Exercise data »
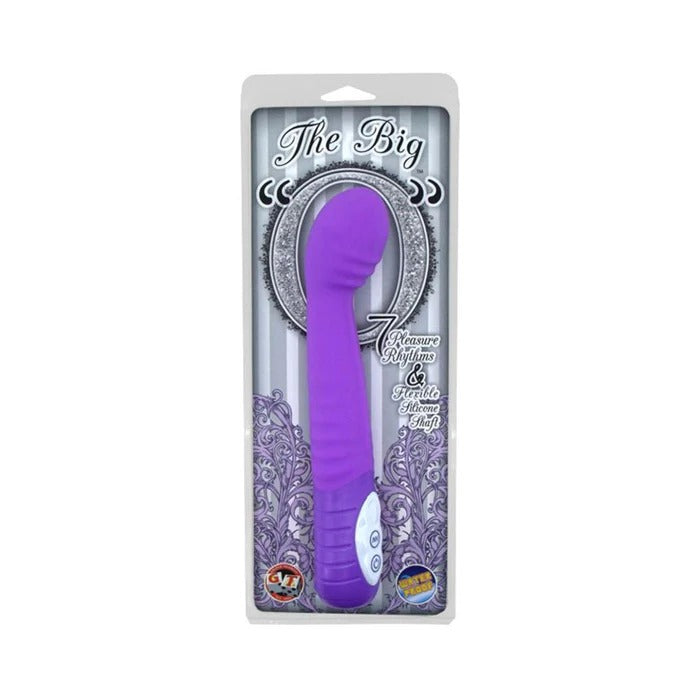 The Big O Vibrator Lavender Golden Triangle Toys - Vibrators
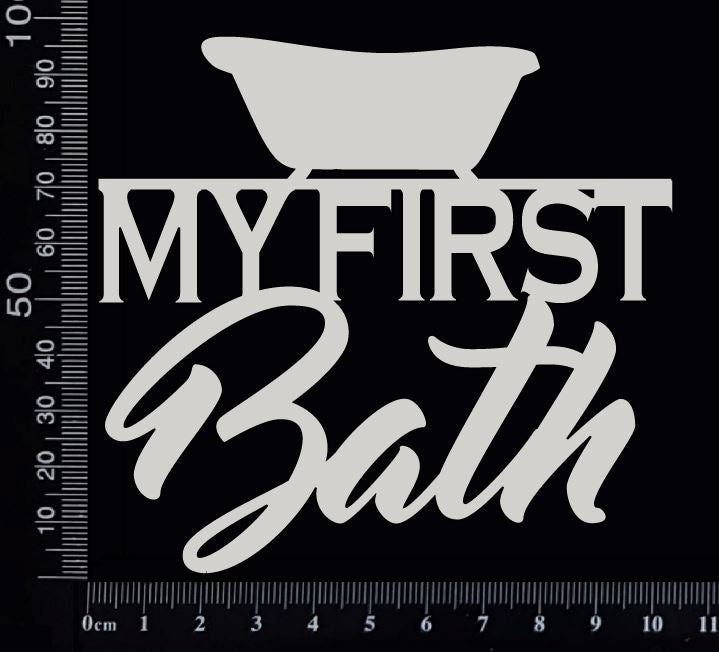 My First Bath - White Chipboard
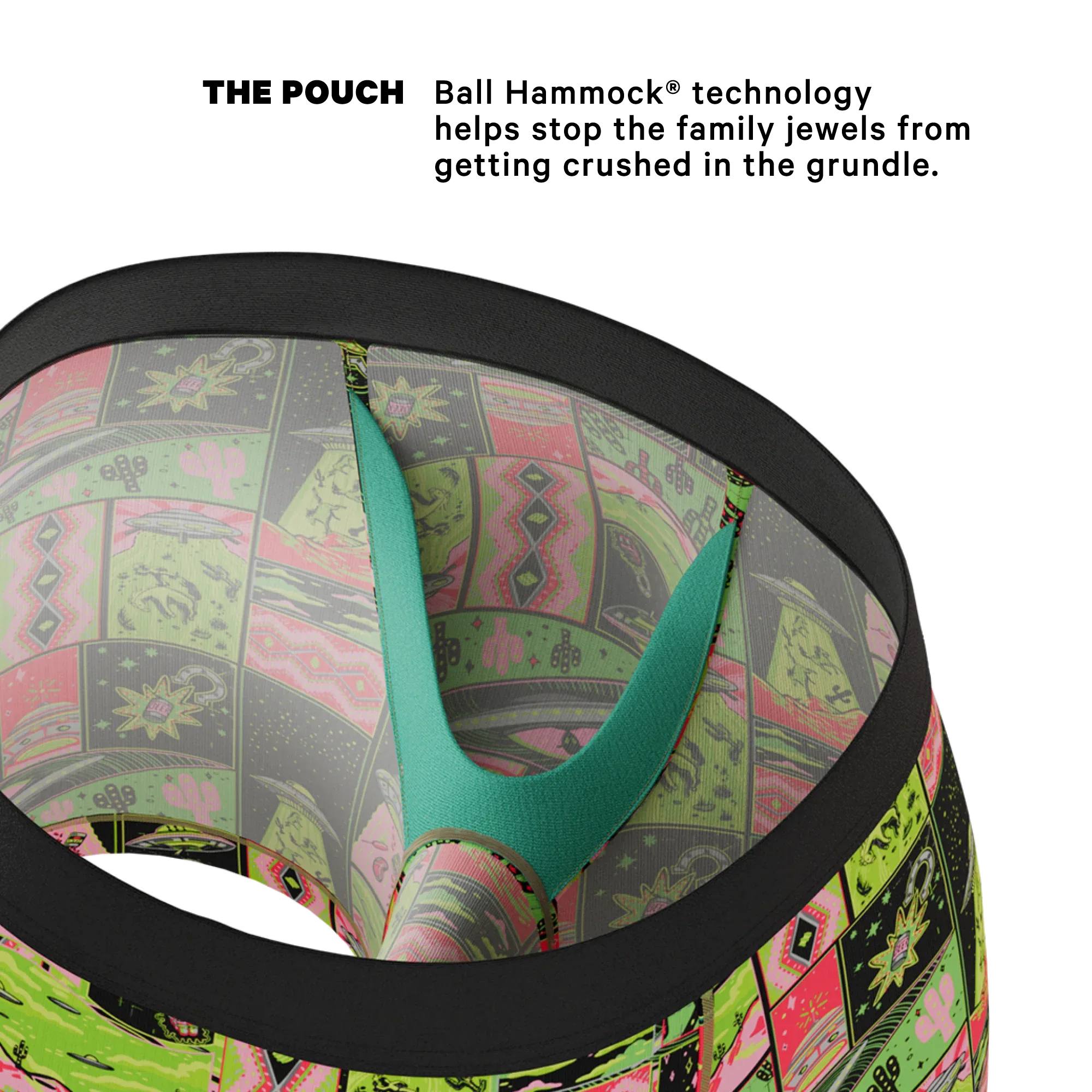 The Area 51 | Retro-Futuristic Alien Ball Hammock® Pouch Underwear - Shinesty - Flyclothing LLC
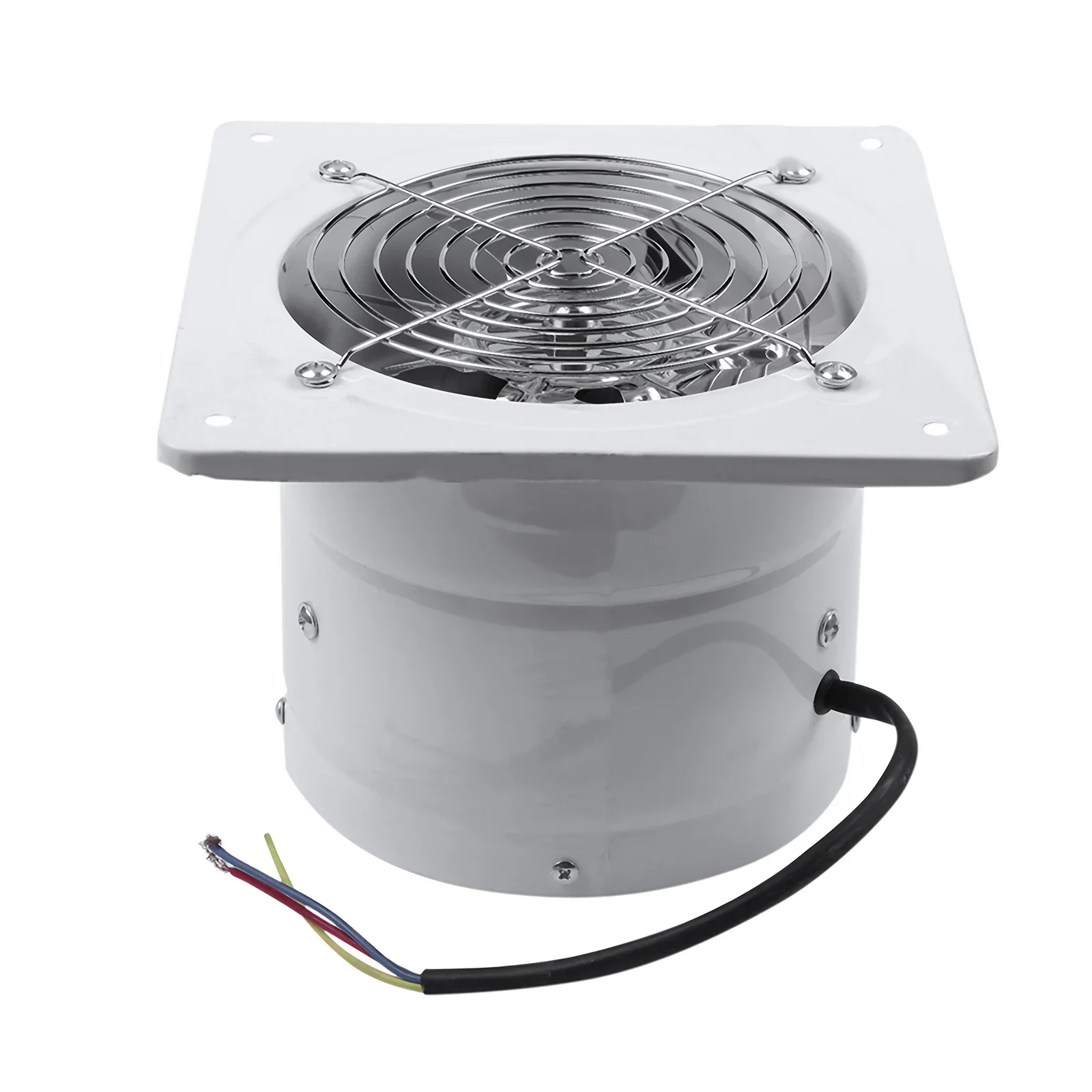 4/6/8 "مروحة العادم معدنية تهوية الحديد النازع ، الصمت مع صمام فحص مضاد للتدفق الخلفي نافذة ومراوح تنفيس جدار جبل للمنزل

Problem requirements » Leave the pictures out and restate the listing word for word.

Task answer »
 The Big O Vibrator Lavender Golden Triangle Toys - Vibrators
 My First Bath - White Chipboard
 The Area 51 | Retro-Futuristic Alien Ball Hammock® Pouch Underwear - Shinesty - Flyclothing LLC
 4/6/8 "مروحة العادم معدنية تهوية الحديد النازع ، الصمت مع صمام فحص مضاد للتدفق الخلفي نافذة ومراوح تنفيس جدار جبل للمنزل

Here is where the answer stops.